Cada uno de nosotros tiene el deber imperativo de ser protagonista de su propia vida. Ser el que decide el rumbo, toma decisiones y se responsabiliza por ellas. Ser el que vive su vida y vivirla con intensidad.
Sin embargo, en ocasiones nos encontramos seres que no pueden lograr esto en sus vidas y entonces con su protagonismo sin freno y el querer estar constantemente siendo el centro de atención le restan valor a los sueños de otros. Le deslucen su momento, simplemente porque consciente o inconscientemente no pueden bregar con el hecho de que los demás tengan un momento para ellos; con el que los demás sean exitosos y brillen aunque sea por un instante. Y no me refiero a la envidia esa fea que se ve a leguas, sino a aquellos que lo hacen con sutileza y hasta “por amor” y hasta dicen no darse cuenta que le “amargaron” el momento al otro.
Padres, madres, hermanos y parejas que en el momento cumbre de su ser amado se inventan lo peor, el problema más grande, la discusión más perra y entienden que el momento de gloria de su ser querido puede ser pasado por alto por X o Y cosa. Gente, eso está mal. Nadie que usted ame merece eso.
Hay familias que perpetúan esto por una eternidad. Ninguno de los hijos ha podido pasar un día de éxito tranquilo y sin preocupación porque siempre hay otra cosa que es más importante o eso ya pasó. Después usted ve a ese niño o joven convertirse en un adulto haciendo lo mismo o tratando de no hacerlo porque el dolor que le causaron fue tan grande que no quiere bajo ningún concepto que le pase igual. Criamos seres castrados emocionalmente porque no los dejamos ni alegrarse de sus propios logros ni los reconocemos por los mismos.

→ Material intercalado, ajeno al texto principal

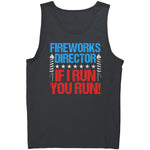 Fireworks Director If I Run You Run -Apparel | Drunk America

Mire, cuando una persona que usted ama logra algo que se propuso, el cielo y la tierra se detienen y celebran. Véalo así. Celebre el éxito del otro. Alégrese! Su turno va a llegar y le aseguro que él/ella estará ahí para aplaudirle sus pequeños o grandes logros. Celebrar los triunfos de aquellos a quienes amamos es conectar.